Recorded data
────────────────────

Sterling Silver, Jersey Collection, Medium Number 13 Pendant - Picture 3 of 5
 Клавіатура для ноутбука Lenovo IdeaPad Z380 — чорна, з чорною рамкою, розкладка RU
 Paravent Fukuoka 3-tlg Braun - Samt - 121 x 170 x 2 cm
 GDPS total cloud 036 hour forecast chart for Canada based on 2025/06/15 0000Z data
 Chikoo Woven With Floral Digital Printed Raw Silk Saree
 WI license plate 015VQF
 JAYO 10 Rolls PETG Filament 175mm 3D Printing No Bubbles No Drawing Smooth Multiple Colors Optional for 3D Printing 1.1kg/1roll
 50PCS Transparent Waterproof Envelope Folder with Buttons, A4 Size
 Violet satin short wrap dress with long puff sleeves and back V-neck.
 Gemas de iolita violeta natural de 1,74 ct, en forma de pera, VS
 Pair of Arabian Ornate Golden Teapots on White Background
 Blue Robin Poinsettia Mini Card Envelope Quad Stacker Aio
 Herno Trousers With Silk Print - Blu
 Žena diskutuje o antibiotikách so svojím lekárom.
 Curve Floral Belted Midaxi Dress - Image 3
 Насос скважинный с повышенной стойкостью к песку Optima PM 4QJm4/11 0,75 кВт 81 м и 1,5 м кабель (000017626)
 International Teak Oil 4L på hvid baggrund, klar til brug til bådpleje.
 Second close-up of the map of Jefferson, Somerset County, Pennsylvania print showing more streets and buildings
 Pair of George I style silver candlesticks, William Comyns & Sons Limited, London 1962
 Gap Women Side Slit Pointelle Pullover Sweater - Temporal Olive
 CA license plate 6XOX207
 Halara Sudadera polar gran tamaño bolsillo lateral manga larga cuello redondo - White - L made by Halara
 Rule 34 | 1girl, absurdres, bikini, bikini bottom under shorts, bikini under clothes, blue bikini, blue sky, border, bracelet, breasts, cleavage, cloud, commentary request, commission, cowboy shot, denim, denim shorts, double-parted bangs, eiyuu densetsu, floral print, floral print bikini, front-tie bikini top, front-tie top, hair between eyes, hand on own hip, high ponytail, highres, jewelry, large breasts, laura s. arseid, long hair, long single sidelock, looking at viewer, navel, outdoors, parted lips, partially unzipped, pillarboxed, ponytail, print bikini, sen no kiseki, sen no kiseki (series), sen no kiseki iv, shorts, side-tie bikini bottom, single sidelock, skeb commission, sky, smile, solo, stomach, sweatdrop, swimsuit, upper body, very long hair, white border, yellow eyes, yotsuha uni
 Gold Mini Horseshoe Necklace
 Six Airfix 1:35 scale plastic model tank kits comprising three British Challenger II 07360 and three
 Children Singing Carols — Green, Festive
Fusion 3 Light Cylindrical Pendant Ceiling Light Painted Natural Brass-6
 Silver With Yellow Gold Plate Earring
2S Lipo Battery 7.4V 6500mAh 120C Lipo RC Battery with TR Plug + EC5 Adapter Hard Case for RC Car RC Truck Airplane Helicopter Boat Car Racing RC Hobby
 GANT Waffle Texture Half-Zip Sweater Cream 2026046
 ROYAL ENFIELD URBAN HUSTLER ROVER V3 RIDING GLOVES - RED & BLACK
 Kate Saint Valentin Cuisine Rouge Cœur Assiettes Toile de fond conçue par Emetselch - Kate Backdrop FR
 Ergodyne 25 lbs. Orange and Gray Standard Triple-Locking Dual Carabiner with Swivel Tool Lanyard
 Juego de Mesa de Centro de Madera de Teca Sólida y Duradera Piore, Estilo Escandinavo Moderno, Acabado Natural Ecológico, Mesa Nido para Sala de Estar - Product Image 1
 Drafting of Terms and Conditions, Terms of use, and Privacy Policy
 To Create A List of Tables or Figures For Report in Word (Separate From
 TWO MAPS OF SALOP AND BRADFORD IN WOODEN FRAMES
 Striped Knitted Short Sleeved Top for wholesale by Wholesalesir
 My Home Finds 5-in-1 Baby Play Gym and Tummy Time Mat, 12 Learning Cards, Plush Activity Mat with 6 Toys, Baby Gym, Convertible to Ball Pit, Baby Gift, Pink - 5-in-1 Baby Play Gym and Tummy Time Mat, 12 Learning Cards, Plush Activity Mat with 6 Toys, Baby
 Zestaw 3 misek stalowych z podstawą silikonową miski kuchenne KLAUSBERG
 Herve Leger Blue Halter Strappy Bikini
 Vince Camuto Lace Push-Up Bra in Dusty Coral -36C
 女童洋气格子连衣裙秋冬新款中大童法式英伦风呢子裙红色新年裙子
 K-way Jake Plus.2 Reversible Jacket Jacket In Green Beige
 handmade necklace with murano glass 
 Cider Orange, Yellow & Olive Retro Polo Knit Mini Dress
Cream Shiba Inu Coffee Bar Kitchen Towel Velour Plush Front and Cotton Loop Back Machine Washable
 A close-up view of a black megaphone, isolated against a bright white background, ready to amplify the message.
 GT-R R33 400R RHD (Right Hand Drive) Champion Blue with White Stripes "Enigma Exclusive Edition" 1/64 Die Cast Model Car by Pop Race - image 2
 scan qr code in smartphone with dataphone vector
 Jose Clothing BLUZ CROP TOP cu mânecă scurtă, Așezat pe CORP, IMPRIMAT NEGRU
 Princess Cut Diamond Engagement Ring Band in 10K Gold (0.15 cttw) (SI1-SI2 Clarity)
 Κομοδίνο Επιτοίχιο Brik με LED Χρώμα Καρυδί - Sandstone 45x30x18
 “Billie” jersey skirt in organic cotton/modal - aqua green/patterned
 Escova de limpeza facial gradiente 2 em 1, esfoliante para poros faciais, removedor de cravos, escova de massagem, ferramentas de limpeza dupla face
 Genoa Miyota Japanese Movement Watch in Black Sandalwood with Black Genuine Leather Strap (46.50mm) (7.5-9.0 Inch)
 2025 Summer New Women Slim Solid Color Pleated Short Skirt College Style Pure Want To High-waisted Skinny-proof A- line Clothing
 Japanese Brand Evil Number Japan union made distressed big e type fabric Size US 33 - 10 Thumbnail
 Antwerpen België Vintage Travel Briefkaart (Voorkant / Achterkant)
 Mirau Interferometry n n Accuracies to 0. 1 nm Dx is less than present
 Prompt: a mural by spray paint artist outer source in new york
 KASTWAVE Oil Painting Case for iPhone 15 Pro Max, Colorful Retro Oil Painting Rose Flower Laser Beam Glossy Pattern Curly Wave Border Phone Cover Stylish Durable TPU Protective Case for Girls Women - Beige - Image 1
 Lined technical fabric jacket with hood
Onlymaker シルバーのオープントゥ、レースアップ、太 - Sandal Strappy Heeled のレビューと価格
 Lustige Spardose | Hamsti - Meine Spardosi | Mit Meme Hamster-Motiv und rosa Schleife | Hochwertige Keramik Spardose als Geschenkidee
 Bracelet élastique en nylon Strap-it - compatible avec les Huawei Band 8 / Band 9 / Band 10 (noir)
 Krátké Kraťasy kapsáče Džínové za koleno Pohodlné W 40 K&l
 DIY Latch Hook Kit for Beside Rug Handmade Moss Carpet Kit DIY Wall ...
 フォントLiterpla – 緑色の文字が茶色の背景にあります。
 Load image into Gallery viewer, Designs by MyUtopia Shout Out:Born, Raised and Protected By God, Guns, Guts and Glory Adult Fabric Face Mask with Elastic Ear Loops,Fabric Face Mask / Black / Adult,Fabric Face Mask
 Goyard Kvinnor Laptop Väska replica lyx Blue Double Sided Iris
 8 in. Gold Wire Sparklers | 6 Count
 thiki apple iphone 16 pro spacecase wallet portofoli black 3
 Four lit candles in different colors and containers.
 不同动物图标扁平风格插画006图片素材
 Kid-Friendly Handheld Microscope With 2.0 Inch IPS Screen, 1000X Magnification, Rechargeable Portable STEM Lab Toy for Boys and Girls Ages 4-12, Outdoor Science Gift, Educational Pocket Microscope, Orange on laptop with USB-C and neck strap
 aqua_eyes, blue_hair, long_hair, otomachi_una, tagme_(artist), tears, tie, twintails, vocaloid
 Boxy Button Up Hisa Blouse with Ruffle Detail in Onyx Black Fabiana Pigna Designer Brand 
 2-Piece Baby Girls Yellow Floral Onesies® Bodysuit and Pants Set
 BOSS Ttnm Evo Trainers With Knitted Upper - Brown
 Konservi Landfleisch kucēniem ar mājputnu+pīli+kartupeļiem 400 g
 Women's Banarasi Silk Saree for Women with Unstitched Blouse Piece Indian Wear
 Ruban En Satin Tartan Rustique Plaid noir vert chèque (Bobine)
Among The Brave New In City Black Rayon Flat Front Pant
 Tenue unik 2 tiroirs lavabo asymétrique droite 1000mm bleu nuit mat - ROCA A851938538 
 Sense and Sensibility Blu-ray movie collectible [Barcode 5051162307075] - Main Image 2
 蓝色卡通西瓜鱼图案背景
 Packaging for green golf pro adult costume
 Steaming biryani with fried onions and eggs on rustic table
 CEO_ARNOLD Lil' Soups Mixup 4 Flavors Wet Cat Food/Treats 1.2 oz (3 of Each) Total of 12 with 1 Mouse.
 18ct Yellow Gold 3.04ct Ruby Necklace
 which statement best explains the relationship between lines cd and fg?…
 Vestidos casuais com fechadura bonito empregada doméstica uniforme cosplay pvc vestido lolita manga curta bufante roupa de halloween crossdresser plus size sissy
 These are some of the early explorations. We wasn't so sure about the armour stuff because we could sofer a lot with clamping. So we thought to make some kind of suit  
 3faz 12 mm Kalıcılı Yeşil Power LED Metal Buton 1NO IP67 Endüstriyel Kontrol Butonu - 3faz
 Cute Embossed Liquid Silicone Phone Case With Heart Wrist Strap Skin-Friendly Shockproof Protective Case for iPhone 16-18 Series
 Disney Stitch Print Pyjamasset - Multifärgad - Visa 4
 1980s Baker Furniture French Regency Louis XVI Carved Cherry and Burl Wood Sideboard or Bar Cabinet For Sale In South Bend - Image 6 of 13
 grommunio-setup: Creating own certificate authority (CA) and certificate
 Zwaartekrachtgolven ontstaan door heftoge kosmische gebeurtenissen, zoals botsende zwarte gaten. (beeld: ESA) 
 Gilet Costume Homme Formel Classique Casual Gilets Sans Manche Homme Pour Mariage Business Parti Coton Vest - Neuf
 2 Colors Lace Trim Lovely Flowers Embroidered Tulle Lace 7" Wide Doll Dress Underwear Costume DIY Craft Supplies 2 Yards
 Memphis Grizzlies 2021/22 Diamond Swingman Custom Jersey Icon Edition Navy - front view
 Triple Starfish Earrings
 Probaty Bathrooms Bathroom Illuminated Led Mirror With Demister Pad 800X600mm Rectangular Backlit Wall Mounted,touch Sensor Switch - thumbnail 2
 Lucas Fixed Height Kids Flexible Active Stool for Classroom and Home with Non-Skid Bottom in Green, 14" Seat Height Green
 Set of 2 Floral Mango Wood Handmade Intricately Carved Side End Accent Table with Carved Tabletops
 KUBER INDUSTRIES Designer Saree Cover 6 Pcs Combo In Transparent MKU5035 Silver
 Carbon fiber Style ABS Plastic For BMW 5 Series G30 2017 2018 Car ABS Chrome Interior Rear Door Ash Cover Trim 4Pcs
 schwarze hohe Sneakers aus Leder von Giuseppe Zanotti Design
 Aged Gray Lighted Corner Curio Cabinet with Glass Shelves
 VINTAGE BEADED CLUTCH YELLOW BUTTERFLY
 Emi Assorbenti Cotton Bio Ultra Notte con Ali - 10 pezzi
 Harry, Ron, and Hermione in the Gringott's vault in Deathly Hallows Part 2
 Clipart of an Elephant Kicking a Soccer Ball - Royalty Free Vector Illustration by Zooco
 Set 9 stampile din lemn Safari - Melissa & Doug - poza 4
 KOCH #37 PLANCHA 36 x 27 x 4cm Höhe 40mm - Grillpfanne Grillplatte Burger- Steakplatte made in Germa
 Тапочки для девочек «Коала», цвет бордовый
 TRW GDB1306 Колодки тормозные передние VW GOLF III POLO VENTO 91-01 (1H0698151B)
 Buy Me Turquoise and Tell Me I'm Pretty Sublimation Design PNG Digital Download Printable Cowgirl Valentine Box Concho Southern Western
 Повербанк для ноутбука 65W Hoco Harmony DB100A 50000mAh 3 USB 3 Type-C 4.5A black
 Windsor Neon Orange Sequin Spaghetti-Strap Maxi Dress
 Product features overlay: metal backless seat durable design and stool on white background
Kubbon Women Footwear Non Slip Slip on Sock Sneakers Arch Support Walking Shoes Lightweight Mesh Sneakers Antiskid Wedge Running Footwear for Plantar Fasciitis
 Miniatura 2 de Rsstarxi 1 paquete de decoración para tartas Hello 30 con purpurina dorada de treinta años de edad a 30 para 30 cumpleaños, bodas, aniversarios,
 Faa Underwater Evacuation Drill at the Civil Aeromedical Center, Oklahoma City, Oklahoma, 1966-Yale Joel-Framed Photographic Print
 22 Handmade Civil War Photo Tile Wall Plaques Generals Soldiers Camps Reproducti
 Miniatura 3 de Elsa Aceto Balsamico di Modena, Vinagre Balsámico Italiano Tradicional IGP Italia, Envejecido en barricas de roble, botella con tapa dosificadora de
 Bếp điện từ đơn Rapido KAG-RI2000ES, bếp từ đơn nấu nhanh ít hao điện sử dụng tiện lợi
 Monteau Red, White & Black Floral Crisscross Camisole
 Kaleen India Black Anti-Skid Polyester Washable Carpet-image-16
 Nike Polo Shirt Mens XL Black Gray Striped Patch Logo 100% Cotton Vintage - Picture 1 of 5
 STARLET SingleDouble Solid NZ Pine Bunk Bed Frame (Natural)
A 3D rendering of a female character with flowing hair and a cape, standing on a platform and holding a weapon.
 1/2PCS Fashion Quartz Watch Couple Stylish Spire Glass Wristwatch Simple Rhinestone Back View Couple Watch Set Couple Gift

────────────────────

Task instructions >>
After locating the line holding "TWO MAPS OF" above, output exactly that line and every line after it through the line holding "Striped Knitted Short". Include nothing else.

Answer to the exercise >>
 TWO MAPS OF SALOP AND BRADFORD IN WOODEN FRAMES
 Striped Knitted Short Sleeved Top for wholesale by Wholesalesir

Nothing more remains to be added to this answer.